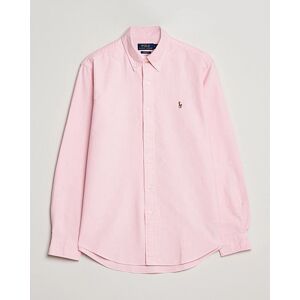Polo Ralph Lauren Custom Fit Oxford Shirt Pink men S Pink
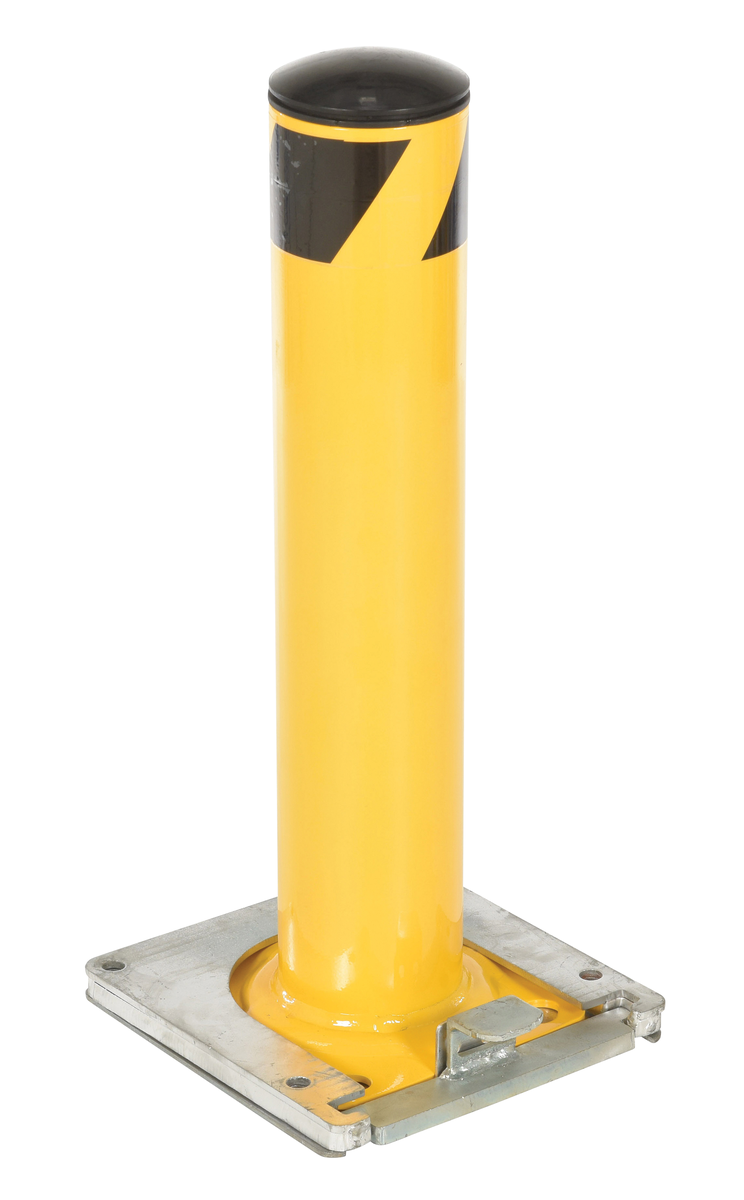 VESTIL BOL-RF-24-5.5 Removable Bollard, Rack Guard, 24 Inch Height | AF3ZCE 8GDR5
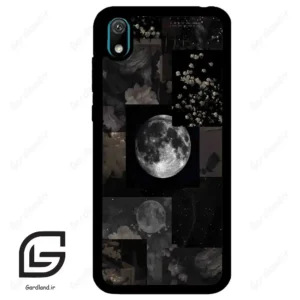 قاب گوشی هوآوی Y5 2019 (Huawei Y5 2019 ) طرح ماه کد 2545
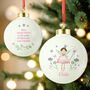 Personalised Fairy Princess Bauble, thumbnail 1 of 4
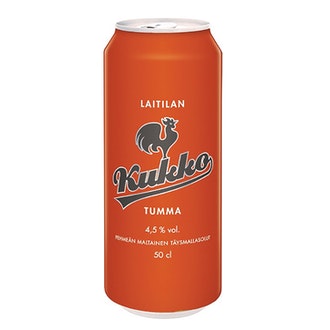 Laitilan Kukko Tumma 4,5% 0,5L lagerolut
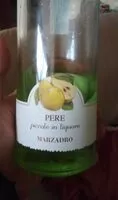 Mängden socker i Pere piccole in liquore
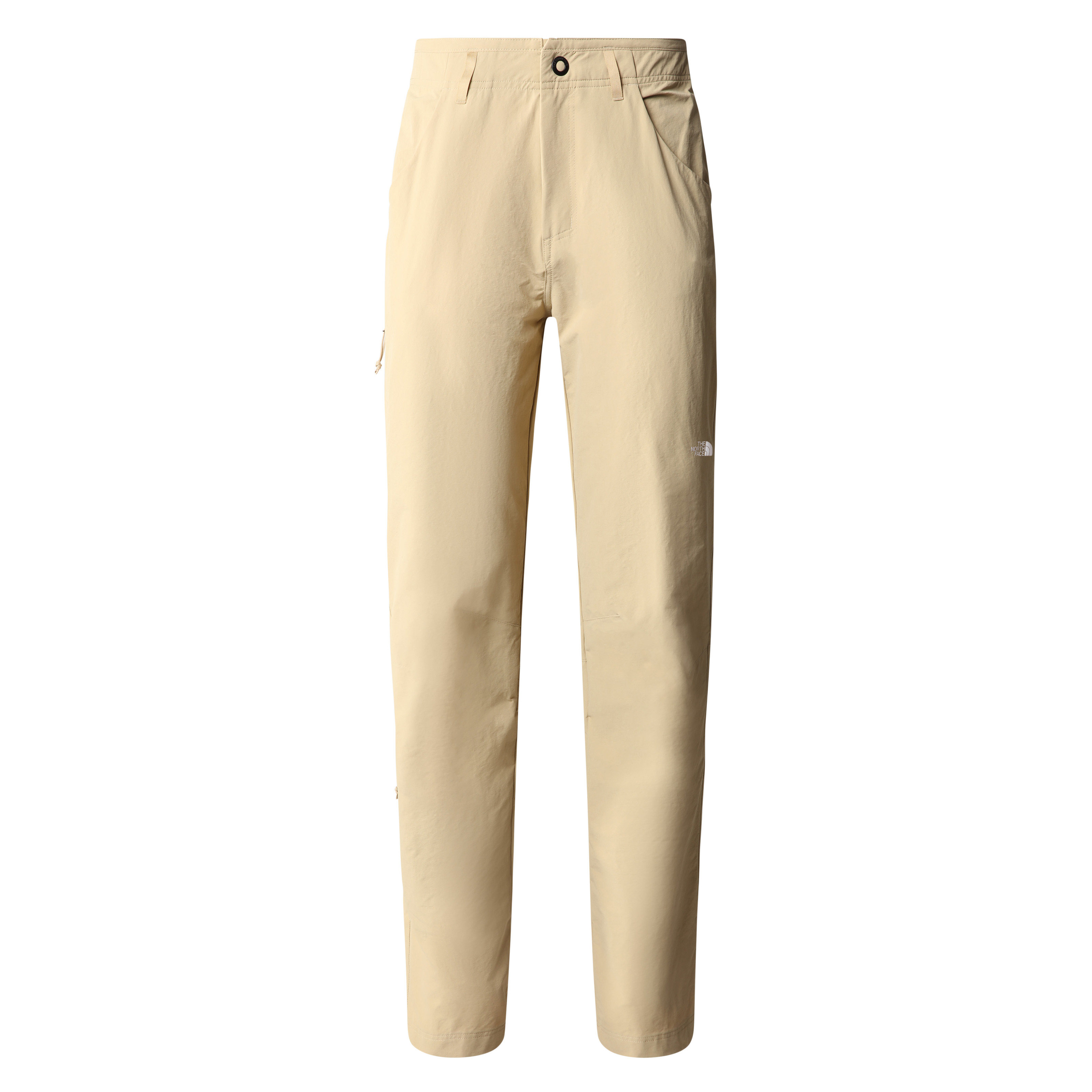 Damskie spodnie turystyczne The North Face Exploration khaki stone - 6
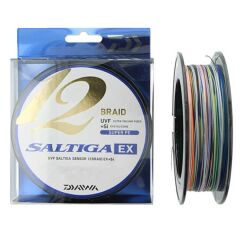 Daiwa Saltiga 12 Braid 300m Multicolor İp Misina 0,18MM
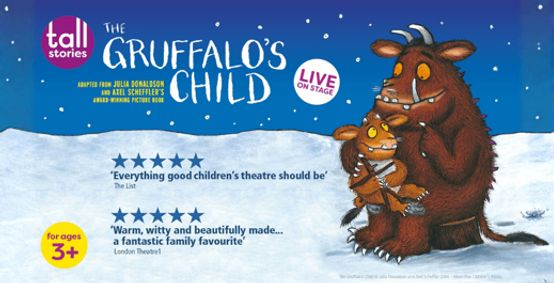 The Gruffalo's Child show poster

---

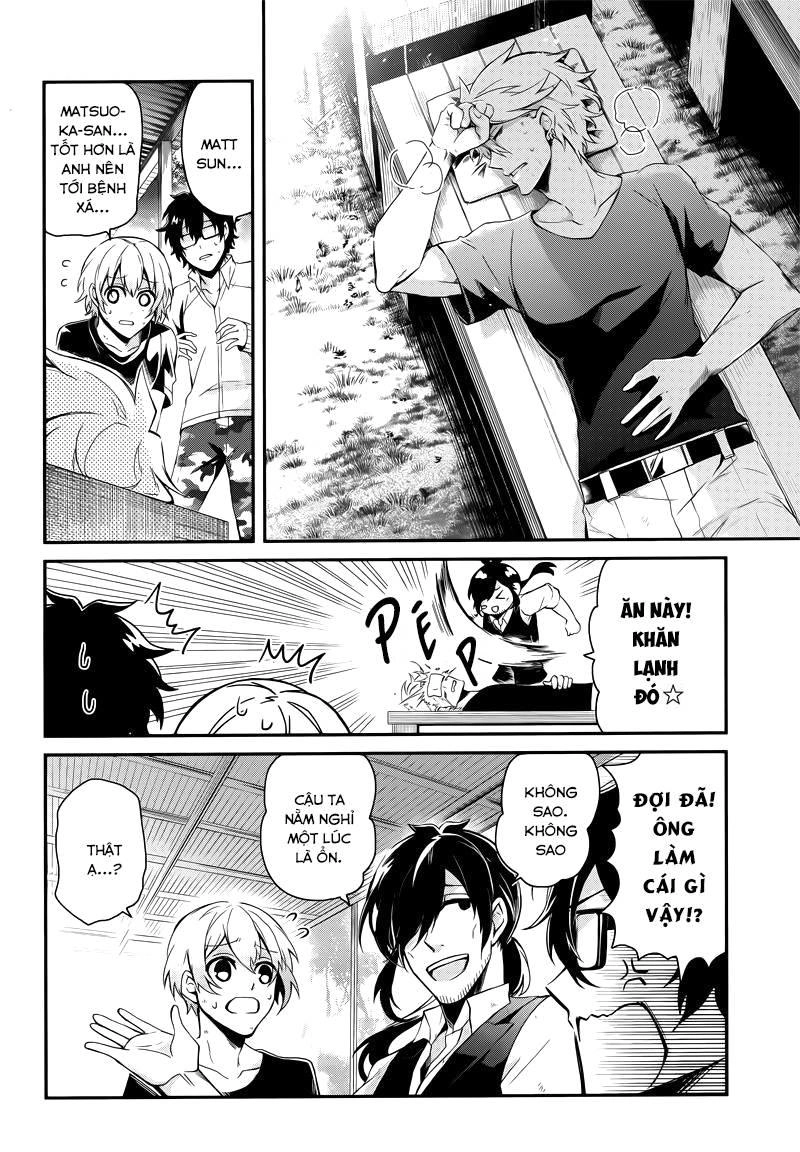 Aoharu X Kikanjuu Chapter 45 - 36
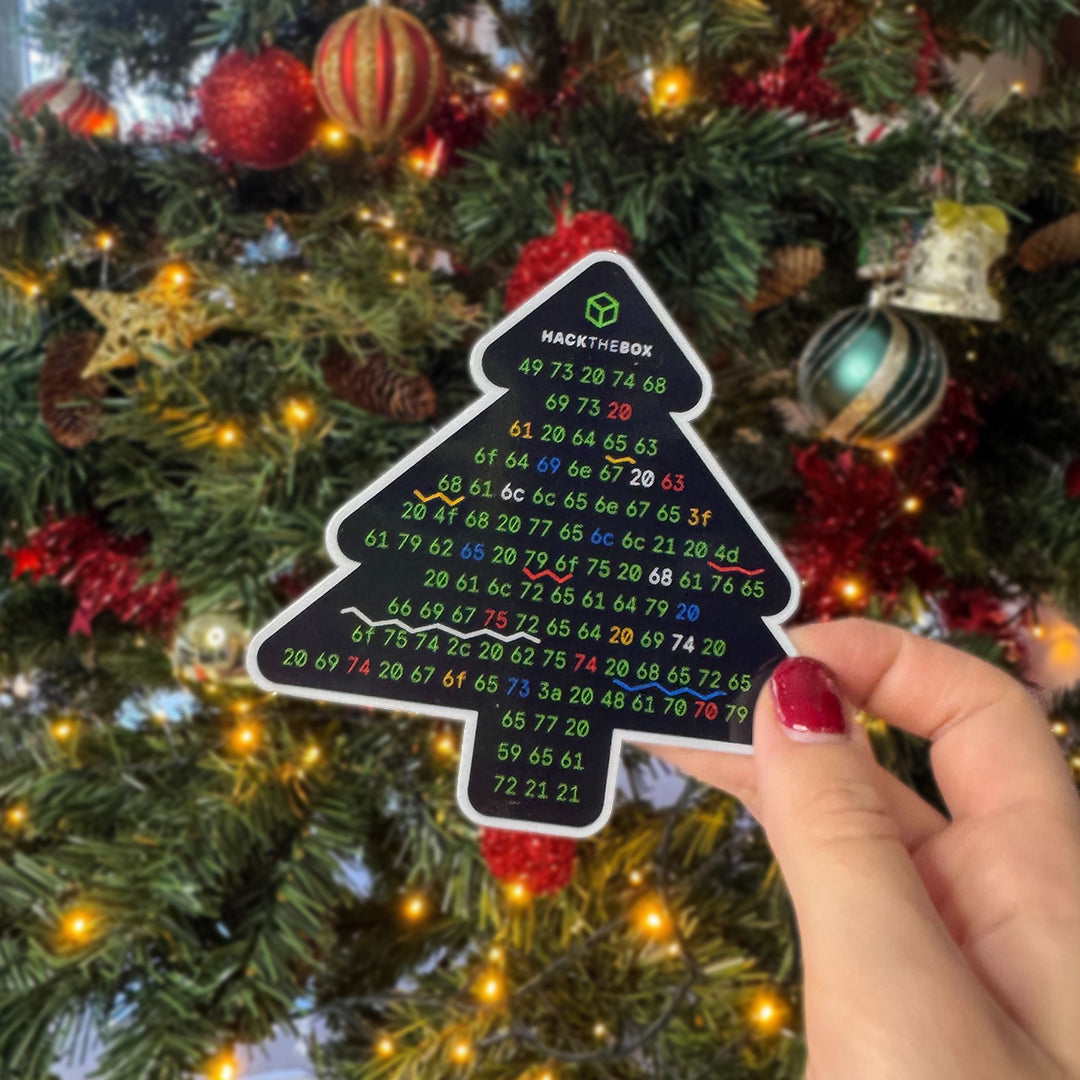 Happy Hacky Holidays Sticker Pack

--

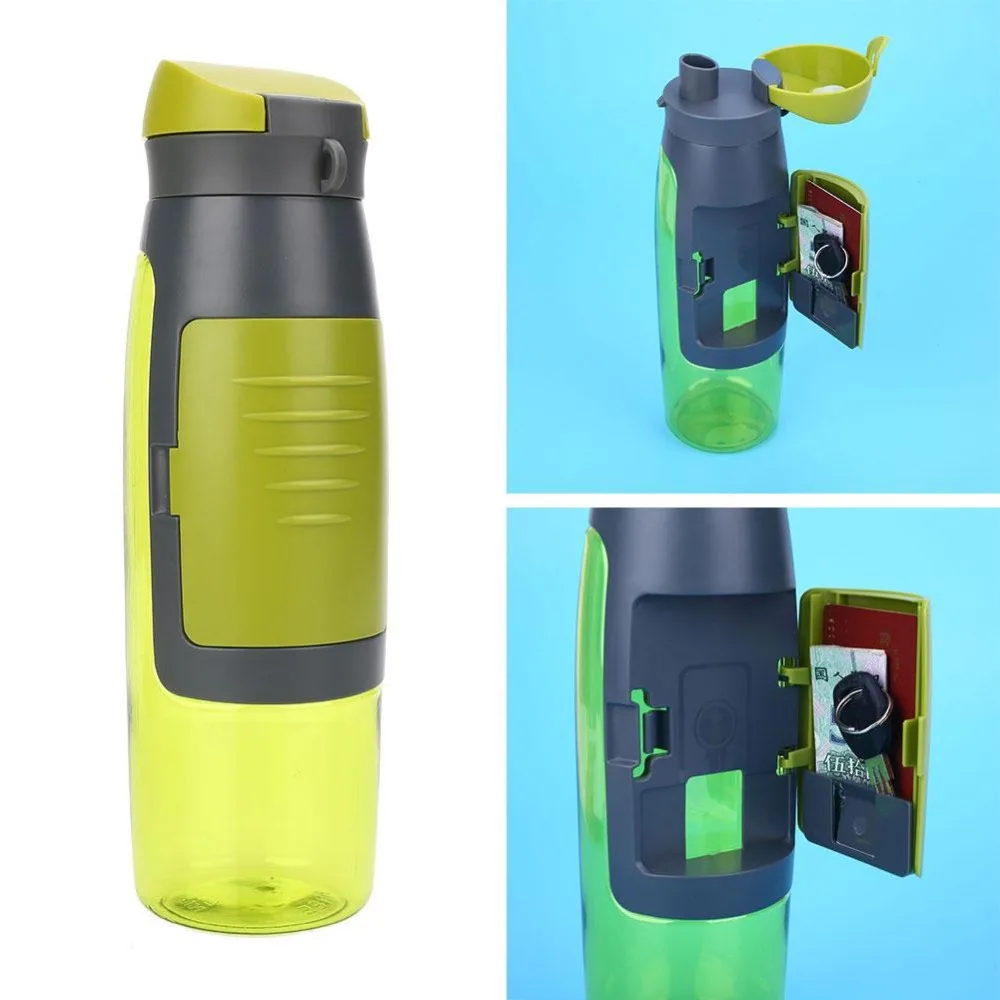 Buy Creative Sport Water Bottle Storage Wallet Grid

▶ _Exercise requirements_
Only the lines starting at the one that includes "Polo Ralph Lauren" and ending at the one that includes "Mängden socker i Pere piccole in liquore" should be retyped, exactly, from the records above; no pictures.

▶ _Answer to the exercise_
Polo Ralph Lauren Custom Fit Oxford Shirt Pink men S Pink
 VESTIL BOL-RF-24-5.5 Removable Bollard, Rack Guard, 24 Inch Height | AF3ZCE 8GDR5
 قاب گوشی هوآوی Y5 2019 (Huawei Y5 2019 ) طرح ماه کد 2545
 Personalised Fairy Princess Bauble, thumbnail 1 of 4
 Laitilan Kukko Tumma 4,5% 0,5L lagerolut
 Mängden socker i Pere piccole in liquore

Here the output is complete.